One of my favorite stories about religion comes from the first century. It centers around Pontius Pilate, the Roman Governor over Jerusalem from the years 26 CE – 37 CE.
You might know about Pilate from the Gospels. Jesus was brought before Pilate during his trial.
But Jesus wasn’t the only Jew who confronted Pilate.
One of my favorite stories comes from the first-century historian Josephus. In chapter three of book XVII of his multi-volume series, The Antiquities of the Jews, Josephus recounts an episode when Pilate brought Roman soldiers to Jerusalem to “abolish the Jewish laws.”
Pilate’s first step was to engrave Caesar’s image on the Roman soldier’s military gear. He brought the military gear from a city called Cesarea to Jerusalem. This was a major problem because the Jews were not allowed to have graven images in the city. This was Pilate’s way of mocking the Jewish people and their laws.
The governors in Jerusalem before Pilate deliberately refused to bring in graven images. They (more or less) respected Jewish laws and customs, as long as the Jewish people (more or less) behaved themselves. But Pilate was different. He wanted to put the Jewish people in their place by forcing the graven images upon them.
So one night, while the Jewish people were sleeping, Pilate ordered the graven images to be placed in the city.
According to Josephus, when the people discovered the images, “multitudes” of Jews confronted Pilate and pleaded with him to take down the images of Caesar. Pilate refused “because this would tend to the injury of Caesar.”
The people protested the images outside of Pilate’s home. On the sixth day of their protest, Pilate ordered his soldiers to prepare their swords to kill the protesters.

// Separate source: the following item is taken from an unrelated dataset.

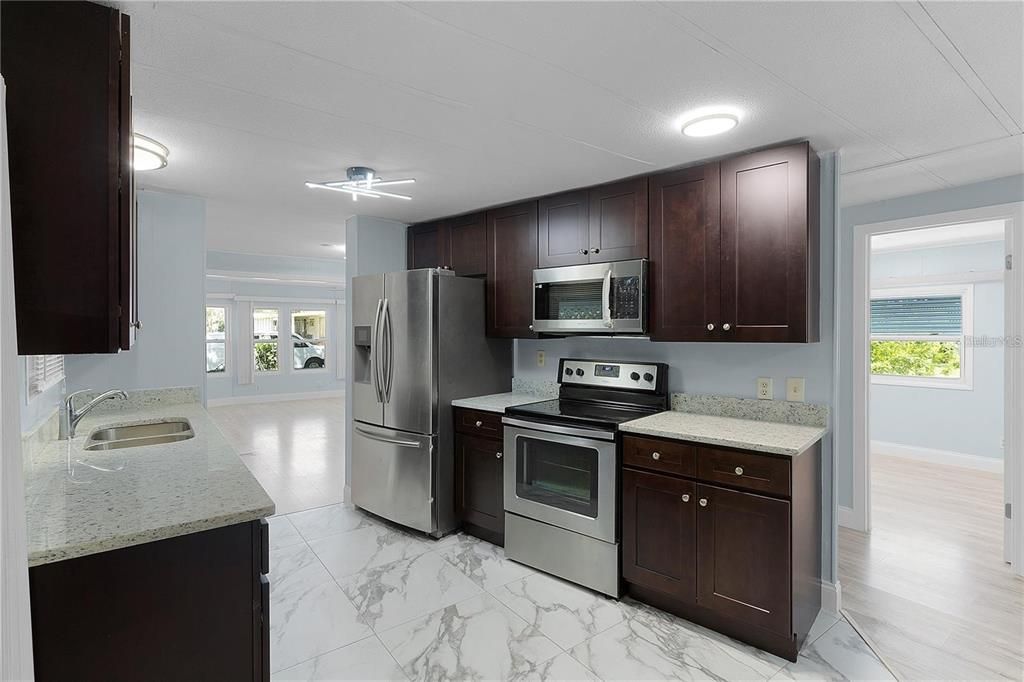 待售: $179,000 (3 贝兹, 2 浴室, 1416 平方英尺)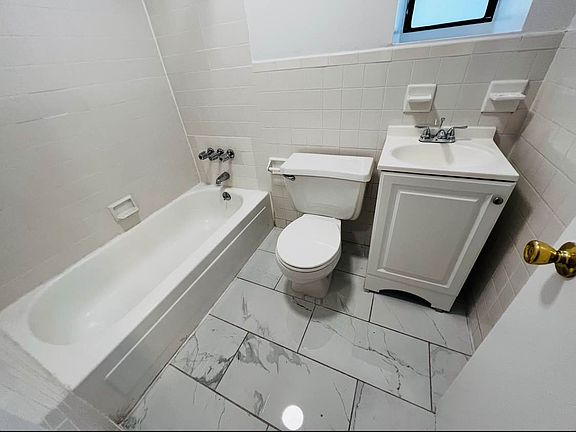 5th image of 346 W 52nd St #5A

Pilate ordered his “judgment seat” to be placed in the city with a large backdrop that would hide the soldiers who stood ready behind him.

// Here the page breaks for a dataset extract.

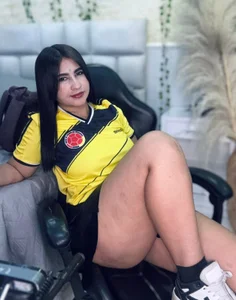AlondraSoomer your favorite Colombian Pic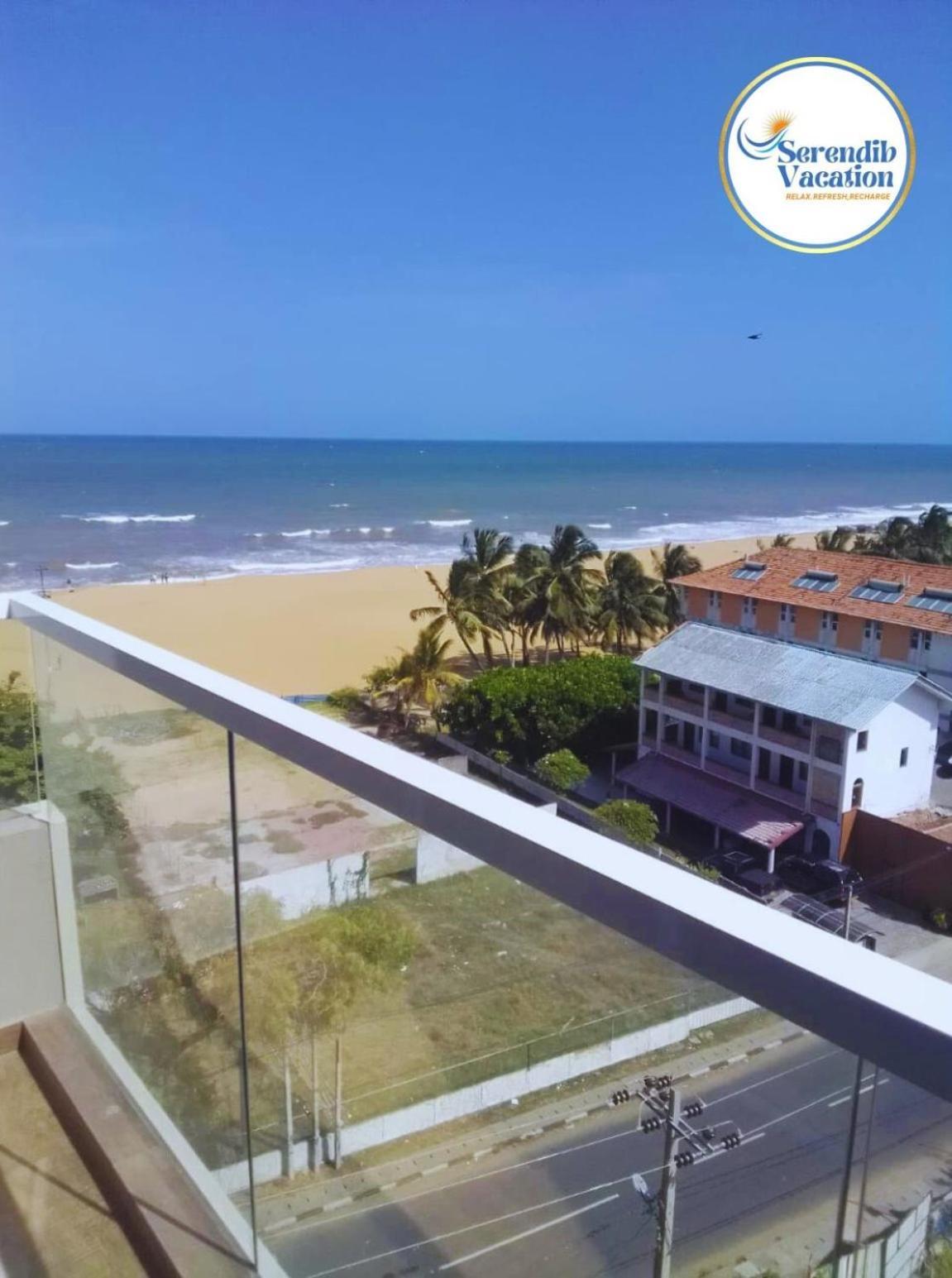 Negombo Ocean Breeze - Bliss On The Beach Luxury Apartments By Serendib Vacation エクステリア 写真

The people asked him once again to remove the images, but this time Pilate signaled for his soldiers to surround the protesters. As the soldiers moved into position, Pilate threatened them with immediate death, unless they stopped protesting and went back home.
The protesters had already planned for Pilate’s threat. Instead of going home, they laid down on the ground. They bared their necks so that the soldiers would have easy access to killing them.
Josephus states that the protesters proclaimed that, “they would take their death very willingly, rather than the wisdom of their laws should be transgressed.”
But the nonviolent resistance of the protesters worked.
Pilate’s heart was changed, he was “deeply affected” by their dedication and their nonviolent struggle. Pilate “commanded the images to be carried back from Jerusalem to Caesarea.”
As a Christian, I have often been taught a Christian supremacist ideology that Jesus was good and nonviolent, in opposition to the Jews at the time, who wanted to violently defeat Rome.
But that’s simply not true. First-century Judaism had many responses to the Roman Empire. Some wanted a violent revolt. Some thought they just needed to keep the law and then God would defeat the Romans for them. Some thought humanity had gone to hell and so they left to live in the desert. And here, we have an act of nonviolent resistance in the face of oppression. This is a nonviolent resistance that Jesus learned from his religious tradition and his fellow Jews.